Nonostante tutte le buone intenzioni possibili, l’azione di contrasto dall’interno di una guerra i cui promotori puntano a uccidere Gheddafi, a rubare il petrolio a a lui e a noi, e a obbedire ciecamente alle forme più oltranziste esistenti in Occidente, rischia di farci scivolare di tragedia in tragedia. La Siria incombe sempre più, e già nelle prime quarantotto ore della crisi del paese che dal 1967 sta aspettando che Israele restituisca le alture del Golan, il senatore americano Lieberman – il falco pro israeliano con cui polemizzo’ Putin nel vertice di Monaco del 2008 – ebbe a chiedere subito un’altra “no fly zone”, cioè un’altra aggressione. Poi dopo la Siria, ci sarà l’Iran … Per arrivare dove?
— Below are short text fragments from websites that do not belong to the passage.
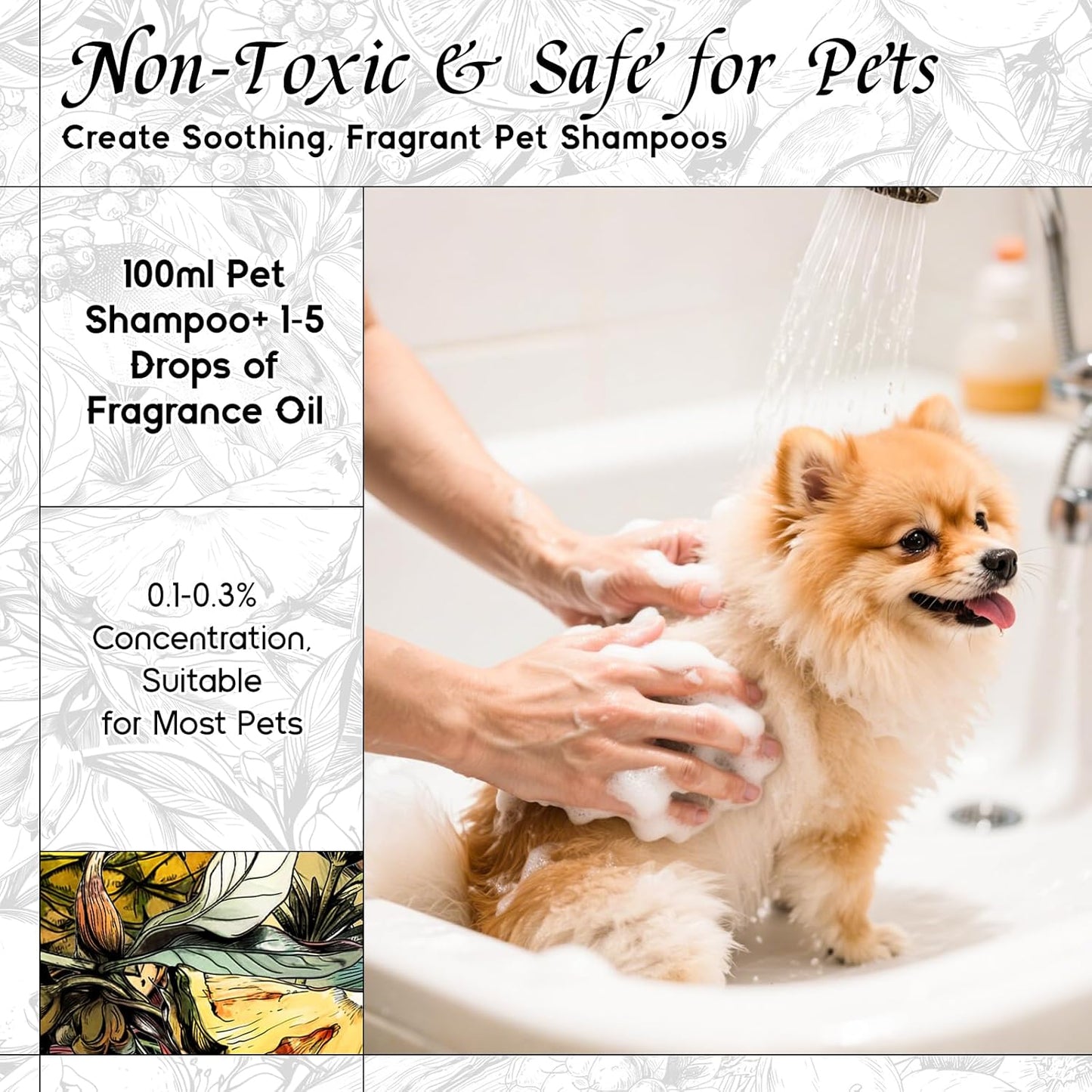 HIQILI Mint Bergamot Matins Fragrance Oil - 5.07 Fl Oz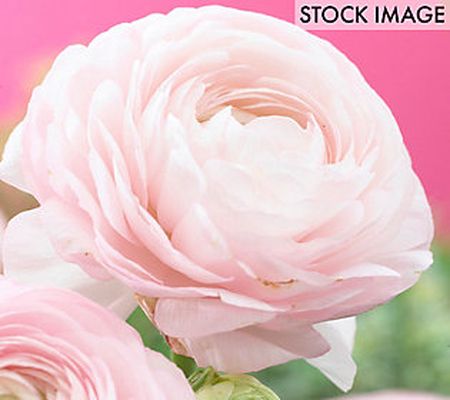 Van Zyverden Buttercups Ranunculus Pink, Set of 25 Bulbs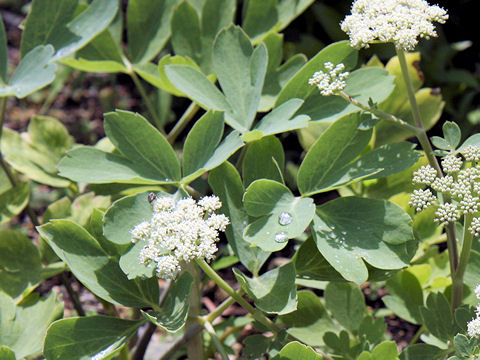 Peucedanum japonicum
Esistono altre vie? Esiste la possibilità di un rilancio della diplomazia internazionale, dopo la sconfitta del 17 marzo al Consiglio di Sicurezza dell’ONU? Forse sì. Un ritiro delle concessioni delle basi della NATO agli alleati – come paese sovrano e “in prima linea”, l’Italia può ben decidere autonomamente – potrebbe essere solo l’inizio di una riattivazione dei molteplici canali diplomatici oggi “in sonno”. C’è l’ Unione Africana, un continente intero che ha disertato il vertice parigino di Sarkozy. C’è la Russia, con le notizie recenti di una possibile uscita di scena di Medvedev e il ritorno in sella di Putin. C’è la Cina, con i suoi interessi economici: e poi la Turchia, paese della NATO e tutta una serie di paesi minori e maggiori che possono levare la loro voce per far sì che gli anglo-francesi vengano ridotti alla ragione del diritto. Con tutti i vantaggi evidenti per l’Italia, a partire dal blocco dell’immigrazione clandestina, per più di due anni garantito dall’accordo con Tripoli del 2008.